Problem to solve:
Exactly as written, set down every entry once more.

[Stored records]
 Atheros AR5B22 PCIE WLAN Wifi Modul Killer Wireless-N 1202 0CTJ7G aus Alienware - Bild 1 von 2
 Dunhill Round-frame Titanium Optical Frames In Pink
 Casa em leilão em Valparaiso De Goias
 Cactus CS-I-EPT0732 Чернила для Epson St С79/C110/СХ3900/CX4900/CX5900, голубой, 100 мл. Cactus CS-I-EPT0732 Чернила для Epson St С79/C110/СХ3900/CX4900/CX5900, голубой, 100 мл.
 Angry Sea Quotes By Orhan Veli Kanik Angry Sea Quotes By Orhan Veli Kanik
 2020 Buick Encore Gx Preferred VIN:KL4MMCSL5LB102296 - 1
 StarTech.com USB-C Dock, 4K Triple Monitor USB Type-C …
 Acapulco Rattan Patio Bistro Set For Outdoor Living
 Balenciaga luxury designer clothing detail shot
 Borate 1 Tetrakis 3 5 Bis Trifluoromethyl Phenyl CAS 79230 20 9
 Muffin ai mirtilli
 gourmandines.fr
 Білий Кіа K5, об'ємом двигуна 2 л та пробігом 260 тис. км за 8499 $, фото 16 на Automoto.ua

Response box:
 Atheros AR5B22 PCIE WLAN Wifi Modul Killer Wireless-N 1202 0CTJ7G aus Alienware - Bild 1 von 2
 Dunhill Round-frame Titanium Optical Frames In Pink
 Casa em leilão em Valparaiso De Goias
 Cactus CS-I-EPT0732 Чернила для Epson St С79/C110/СХ3900/CX4900/CX5900, голубой, 100 мл. Cactus CS-I-EPT0732 Чернила для Epson St С79/C110/СХ3900/CX4900/CX5900, голубой, 100 мл.
 Angry Sea Quotes By Orhan Veli Kanik Angry Sea Quotes By Orhan Veli Kanik
 2020 Buick Encore Gx Preferred VIN:KL4MMCSL5LB102296 - 1
 StarTech.com USB-C Dock, 4K Triple Monitor USB Type-C …
 Acapulco Rattan Patio Bistro Set For Outdoor Living
 Balenciaga luxury designer clothing detail shot
 Borate 1 Tetrakis 3 5 Bis Trifluoromethyl Phenyl CAS 79230 20 9
 Muffin ai mirtilli
 gourmandines.fr
 Білий Кіа K5, об'ємом двигуна 2 л та пробігом 260 тис. км за 8499 $, фото 16 на Automoto.ua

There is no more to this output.